Task to carry out:
Once the pictures are removed, restate the data below word for word.

Available data:
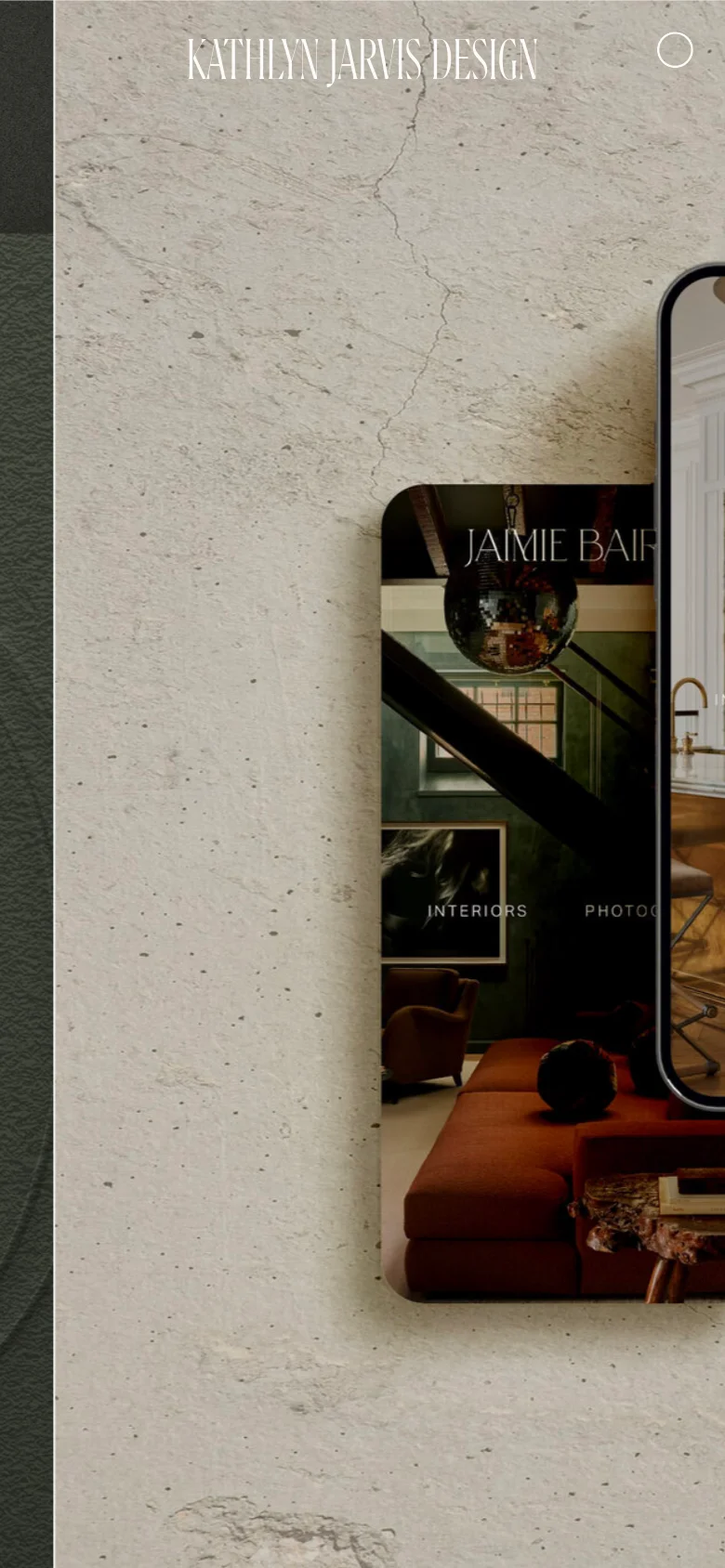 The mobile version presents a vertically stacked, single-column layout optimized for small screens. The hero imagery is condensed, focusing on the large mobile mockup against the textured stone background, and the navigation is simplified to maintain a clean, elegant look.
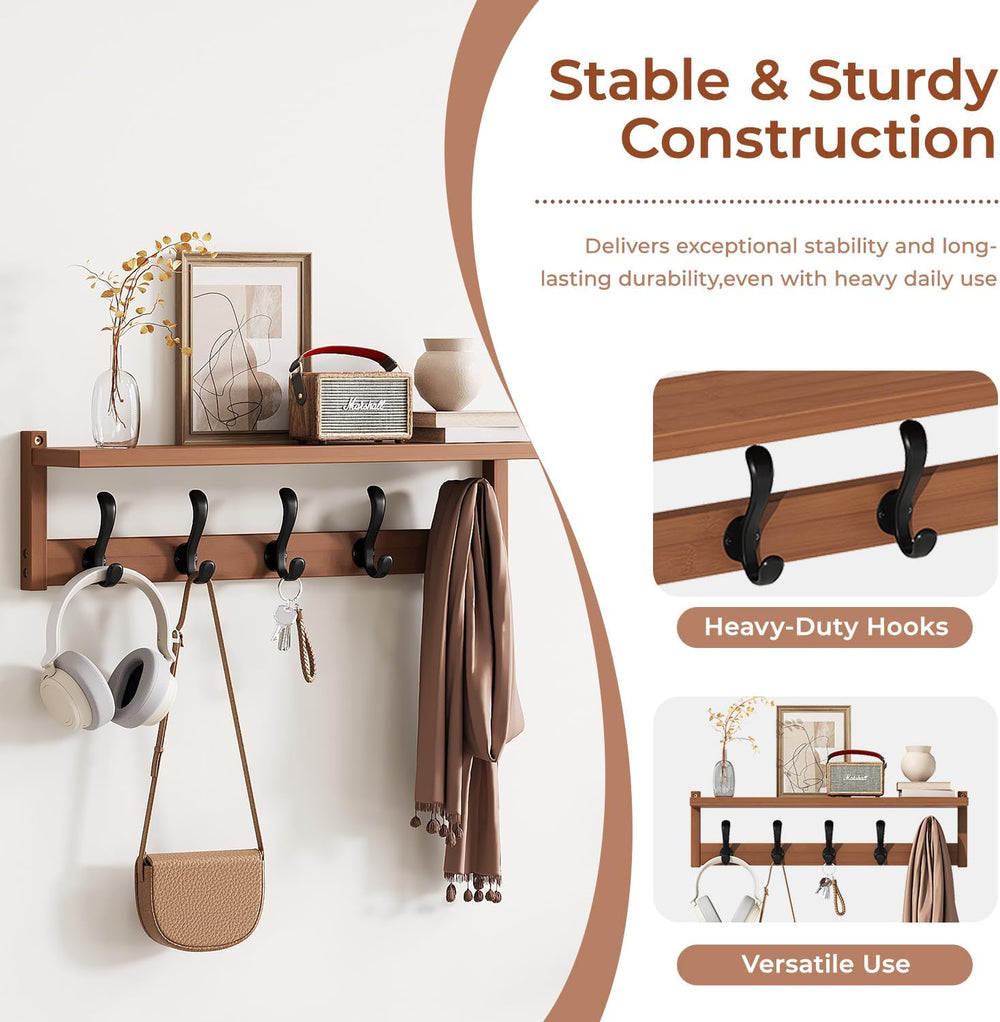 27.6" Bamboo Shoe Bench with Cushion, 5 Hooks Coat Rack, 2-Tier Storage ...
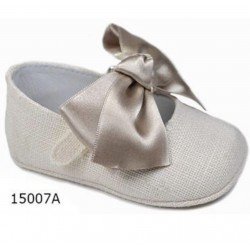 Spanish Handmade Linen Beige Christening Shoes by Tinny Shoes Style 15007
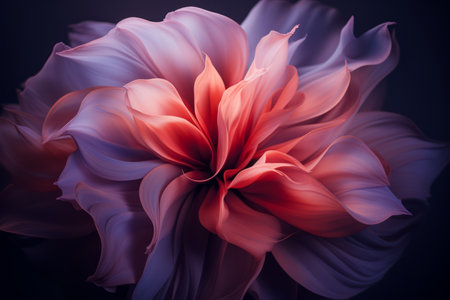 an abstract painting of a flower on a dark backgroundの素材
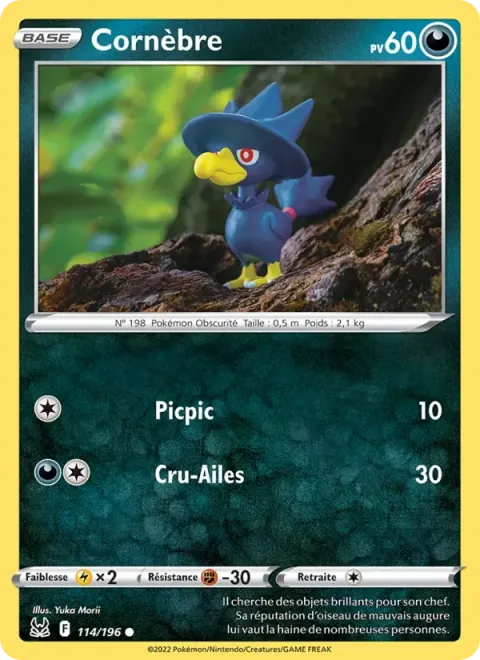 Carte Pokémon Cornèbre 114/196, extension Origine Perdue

Answer box:
 The mobile version presents a vertically stacked, single-column layout optimized for small screens. The hero imagery is condensed, focusing on the large mobile mockup against the textured stone background, and the navigation is simplified to maintain a clean, elegant look.
 27.6" Bamboo Shoe Bench with Cushion, 5 Hooks Coat Rack, 2-Tier Storage ...
 Spanish Handmade Linen Beige Christening Shoes by Tinny Shoes Style 15007
 an abstract painting of a flower on a dark backgroundの素材
 Carte Pokémon Cornèbre 114/196, extension Origine Perdue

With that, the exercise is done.